If VW is trying to mainstream this, that tells me they're scrambling to keep milking the premium end of their portfolio that relies on extravagant IC engines (Porsche, Lamborghini, Audi etc.). Very bad sign for them, as the ID Buzz van looks to be a complete failure to the point of "pausing" production, and VW Commercial Vehicles is their backbone in Europe, much like Ford relies on truck sales in the US. I watched a video a few weeks ago that discussed how their European van/utility vehicle portfolio is aging and totally fragmented, to the point that they are selling rebadged Ford Transit vans manufactured in Turkey. I thought it was bad when they were badge-engineering Dodge Caravans for the US market for a few years, but totally bungling the EV van rollout in Europe is seriously bad business for them.
It was also hilarious how the rich guys on the Porsche forums were bad-mouthing the rather sexy Mission X EV supercar concept a couple years ago. No matter how cool a 9,000-rpm flat-six is, letting yourself be driven by the guys who just want you to keep making that forever will not stave off everyone else (now including China and Vietnam!).

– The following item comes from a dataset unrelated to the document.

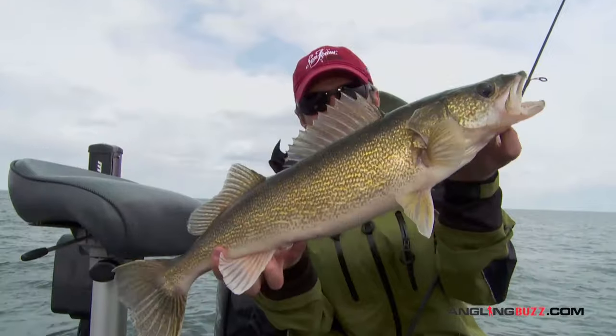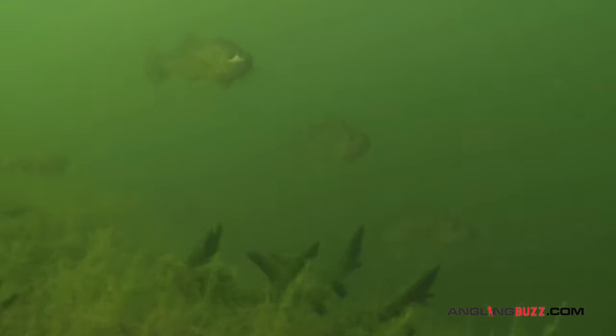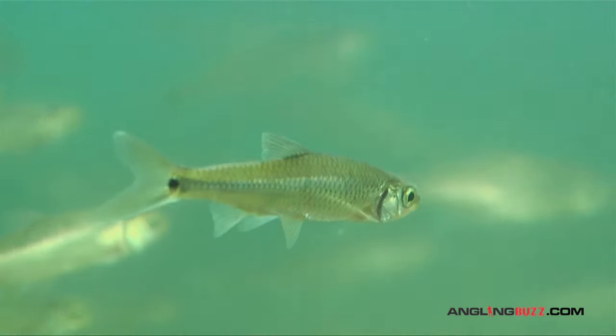The larger females, meanwhile, likely have moved a bit, although not too far. In most cases, they simply shift to the nearest available good habitat with forage, where they can begin scarfing up a meal and recuperating from the rigors of the spawn — like perch and weed beds, or shad and shiners along sand and rock flats and shorelines. Where you find food and cover, you'll find spring walleyes.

I liked this takedown of METR's task horizon "research": https://arachnemag.substack.com/p/the-metr-graph-is-hot-garbage
In addition to all the complaints I already knew of and had, METR's methodology for human baselining of tasks was even worse than I realized.
And you know... I actually kind of respect METR relative to a lot of boosters and doomers for at least attempting any hard numbers and not just vibes and anecdotes (METR is the ones that did the study showing LLMs actually reduced coders productivity even as it made them think it increased). But the standard for quantifying LLM performance in practical terms is absurdly low.
Someone has a program to steal people’s entire codebases using malicious ai coding assistant extensions.
(note, it is an ai firm posting this, compete with cutesy slop hero image)
The vscode extensions actually do exactly what they advertise, it’s just that they also take all your code and share it with a third party for whatever purpose.